= Material to process =
▶

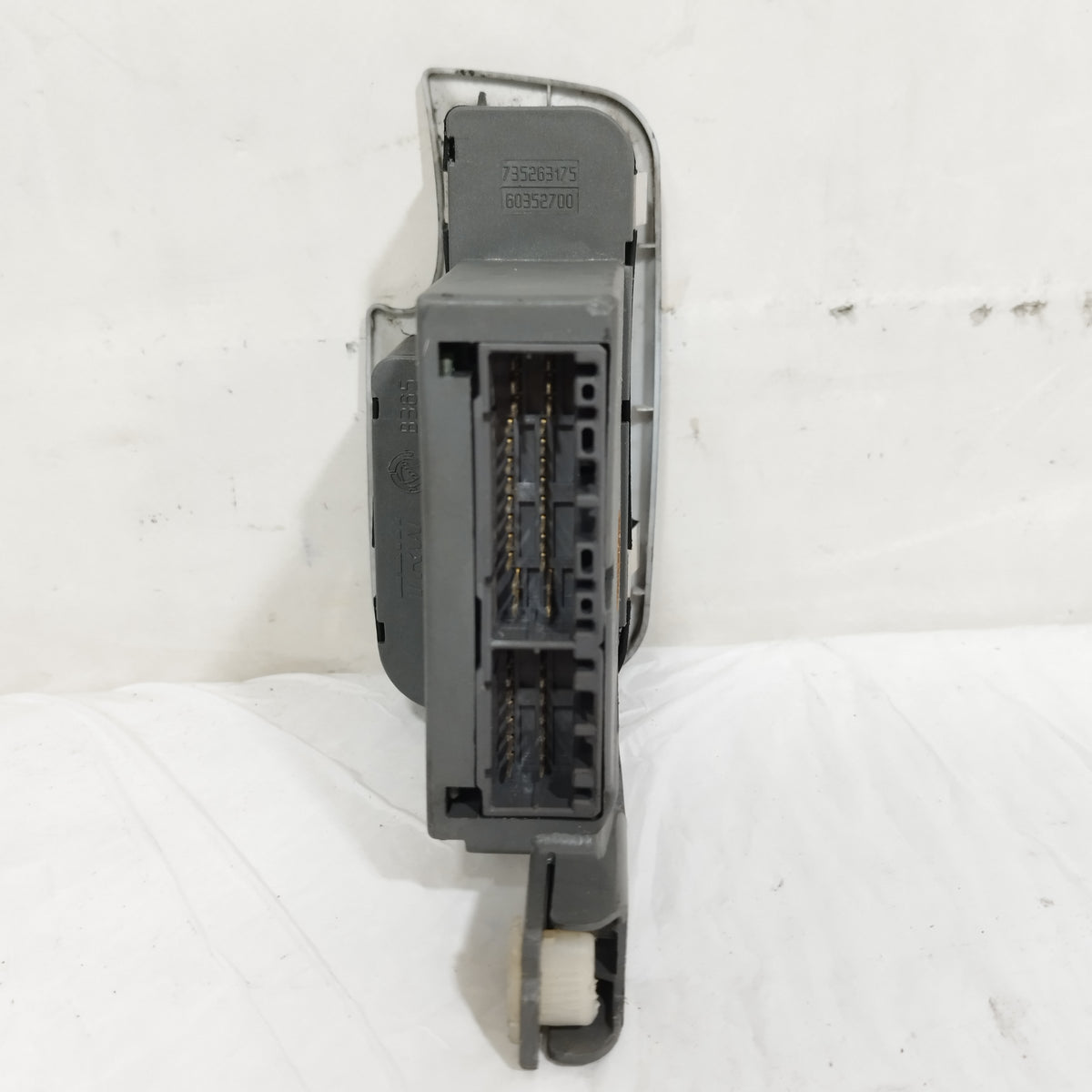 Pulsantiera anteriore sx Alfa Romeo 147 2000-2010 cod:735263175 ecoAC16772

◀
▶

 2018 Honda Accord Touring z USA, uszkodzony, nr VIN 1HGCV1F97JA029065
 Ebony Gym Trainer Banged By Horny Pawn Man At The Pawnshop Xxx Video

◀
▶

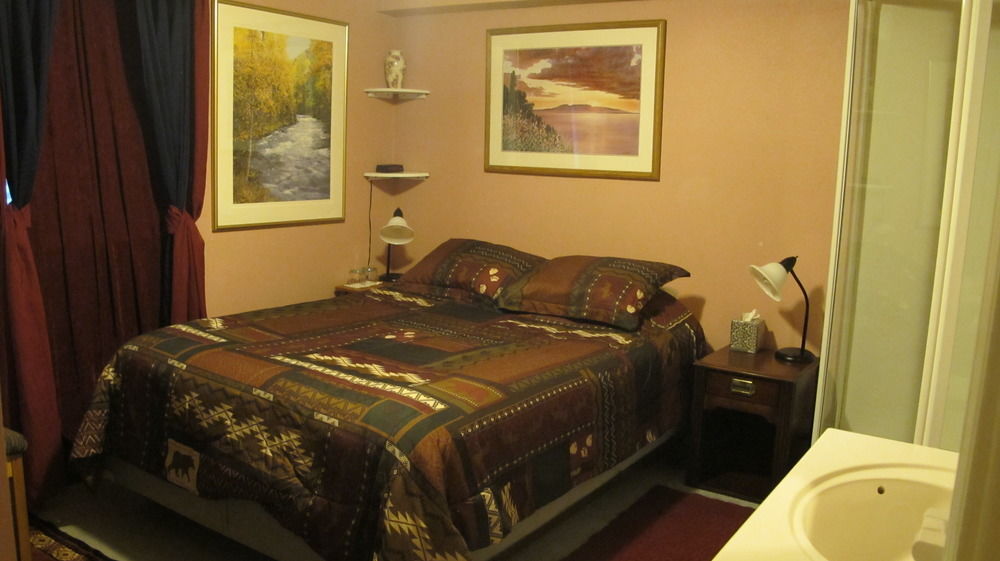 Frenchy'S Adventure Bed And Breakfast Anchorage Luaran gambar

◀

= The problem =
Look in the material above for the line with "2018 Honda Accord" and the line with "Ebony Gym Trainer", and transcribe exactly those lines and all lines between them, nothing more.

= Reply =
 2018 Honda Accord Touring z USA, uszkodzony, nr VIN 1HGCV1F97JA029065
 Ebony Gym Trainer Banged By Horny Pawn Man At The Pawnshop Xxx Video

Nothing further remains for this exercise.